In this notebook, you can import your agenda in `ics` files and inspect proposed classes schedule (typically in XLS files) for next semester. 

As a teacher in Ecole Centrale de Nantes, this version deals with EI1 weekly schedule and options/small groups schedules.

In [1]:
# Import necessary libraries
import pandas as pd
from icalendar import Calendar
from datetime import datetime, time
from datetime import datetime, timedelta
import calendar
import pytz

## Step 1: Import ICS files

In [223]:
time.max

datetime.time(23, 59, 59, 999999)

In [249]:
# Function to read and parse an ICS file
def read_ics(file_path):
    with open(file_path, 'r') as file:
        gcal = Calendar.from_ical(file.read())
    utc=pytz.UTC
    now = datetime.now().replace(tzinfo=utc)
    events = []
    for component in gcal.walk():
        if component.name == "VEVENT":
           # try:
                dtstart=component.get('dtstart').dt
                if isinstance(dtstart, datetime):
                    if not dtstart.tzinfo:
                        dtstart = dtstart.replace(tzinfo=pytz.UTC)
                else:  # if dtstart is a date object
                    dtstart = datetime.combine(dtstart, time.min, tzinfo=pytz.UTC)
                if dtstart < now: continue
            
                dtend = component.get('dtend').dt if component.get('dtend') else dtstart
                if isinstance(dtend, datetime):
                    if not dtend.tzinfo:
                            dtend = dtend.replace(tzinfo=pytz.UTC)
                else:  # if dtend is a date object
                    print(component.get('summary'), dtend)
                    dtend = datetime.combine(dtend, time.max, tzinfo=pytz.UTC)
                        
                event = {
                    'summary': component.get('summary'),
                    'dtstart': dtstart,
                    'dtend': dtend,
                    'location': component.get('location'),
                    'description': component.get('description')
                }
                
                events.append(event)
            #except:
            #    print("Data ingnored: some error occured in:", component)

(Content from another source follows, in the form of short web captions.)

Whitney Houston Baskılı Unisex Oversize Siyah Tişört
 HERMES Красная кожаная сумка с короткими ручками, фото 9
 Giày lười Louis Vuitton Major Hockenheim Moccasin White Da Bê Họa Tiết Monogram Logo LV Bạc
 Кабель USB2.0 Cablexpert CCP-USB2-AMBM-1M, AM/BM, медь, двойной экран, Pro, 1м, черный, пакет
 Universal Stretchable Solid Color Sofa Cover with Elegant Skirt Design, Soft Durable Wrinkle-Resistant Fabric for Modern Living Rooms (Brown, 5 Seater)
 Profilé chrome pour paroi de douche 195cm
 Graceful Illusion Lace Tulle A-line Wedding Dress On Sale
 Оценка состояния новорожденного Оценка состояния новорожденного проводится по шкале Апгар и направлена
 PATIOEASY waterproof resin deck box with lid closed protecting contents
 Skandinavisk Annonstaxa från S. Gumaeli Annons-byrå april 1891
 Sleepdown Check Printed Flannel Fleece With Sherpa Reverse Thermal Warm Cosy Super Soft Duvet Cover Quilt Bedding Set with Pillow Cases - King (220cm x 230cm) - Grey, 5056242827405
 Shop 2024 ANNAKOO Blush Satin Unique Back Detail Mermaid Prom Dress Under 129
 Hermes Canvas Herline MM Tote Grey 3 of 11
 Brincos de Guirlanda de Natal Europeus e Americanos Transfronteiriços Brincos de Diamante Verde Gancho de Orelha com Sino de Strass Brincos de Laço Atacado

        # Filter events to only include those after now
    return pd.DataFrame(events)

In [250]:
file_path="../ECN.ics"
ecn_df=read_ics(file_path)

https://www.wccm2024.org/ 2024-07-27
CA Audition des candidats Direction 2025-04-04


# Step 2 reading excel files

## Step 2.1 reading EI1 xls file

Albeit annoying, the formatting of the agenda is fixed, so it's fairly easy to obtain the schedule of a given course for a given group.

It is build as follow:
- each sheet is a week named accordingly
- each group is a row
- columns correspond to time slots from Mon M1("C) to Fri S2 ("V")
- Each cell is either void or contains the course short name e.g. FLUID, followed by course type (TP, TD, CM)

Thus, the extraction function needs to know the structure and find course short name occurences on all sheets and output a dataframe with the same structure as ICS pandas imports.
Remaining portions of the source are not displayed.